Supplied data Start Marker

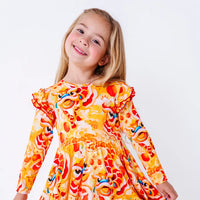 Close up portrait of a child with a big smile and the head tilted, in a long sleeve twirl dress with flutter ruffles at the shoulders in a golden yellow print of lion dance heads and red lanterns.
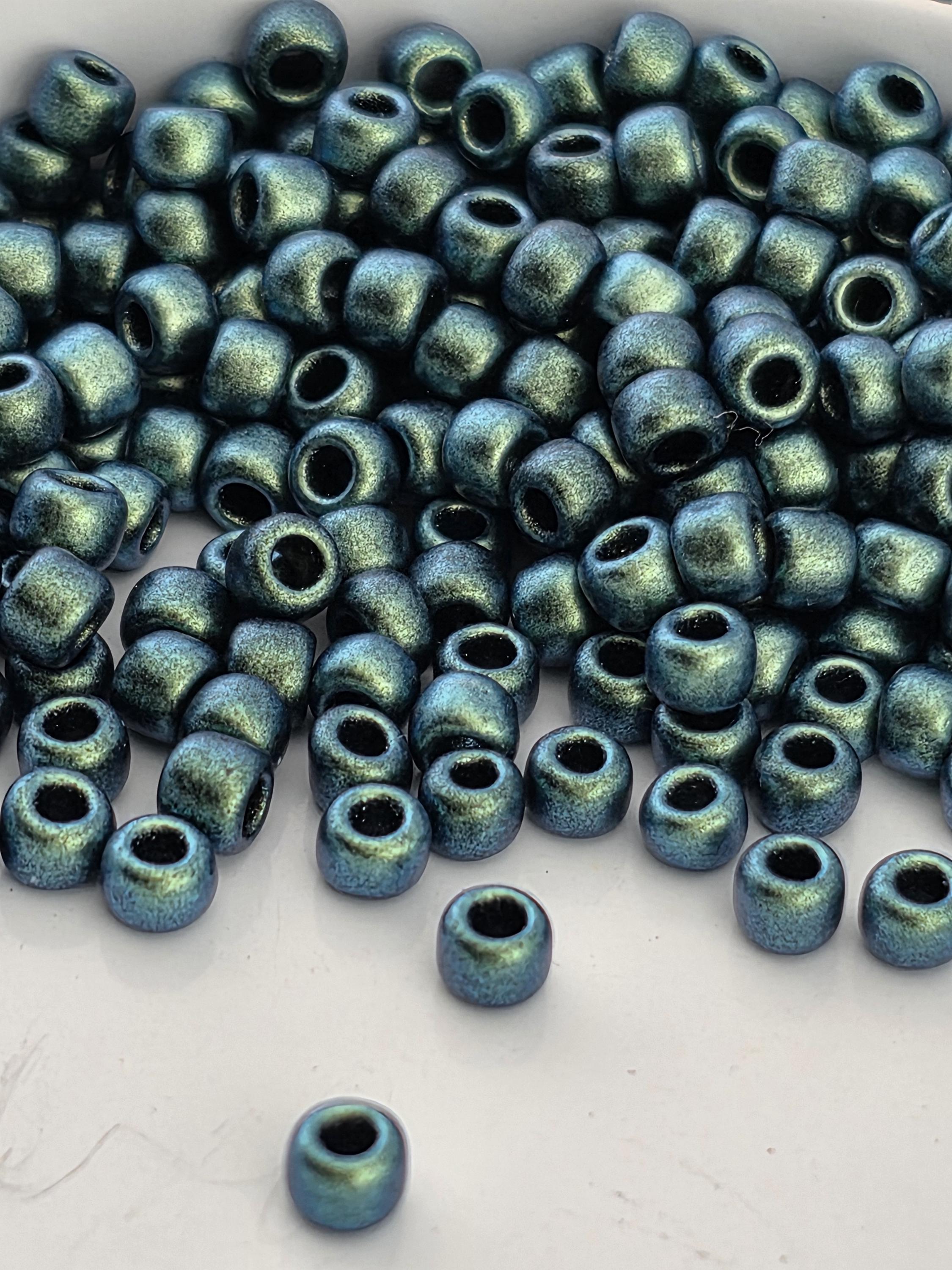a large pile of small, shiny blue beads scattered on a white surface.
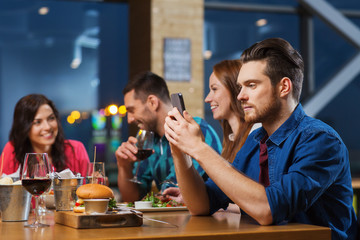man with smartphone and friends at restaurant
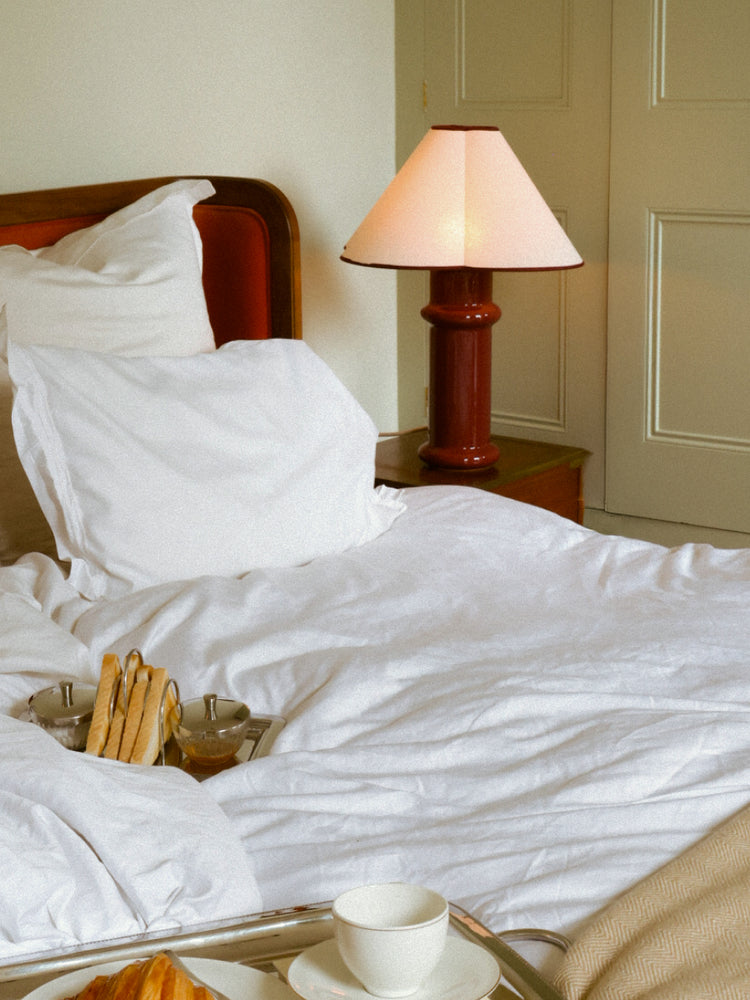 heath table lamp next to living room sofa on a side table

Supplied data End Marker

# What you are asked to do
Exclude every image and return the material above exactly.

# Solution for this task
 Close up portrait of a child with a big smile and the head tilted, in a long sleeve twirl dress with flutter ruffles at the shoulders in a golden yellow print of lion dance heads and red lanterns.
a large pile of small, shiny blue beads scattered on a white surface.
man with smartphone and friends at restaurant
 heath table lamp next to living room sofa on a side table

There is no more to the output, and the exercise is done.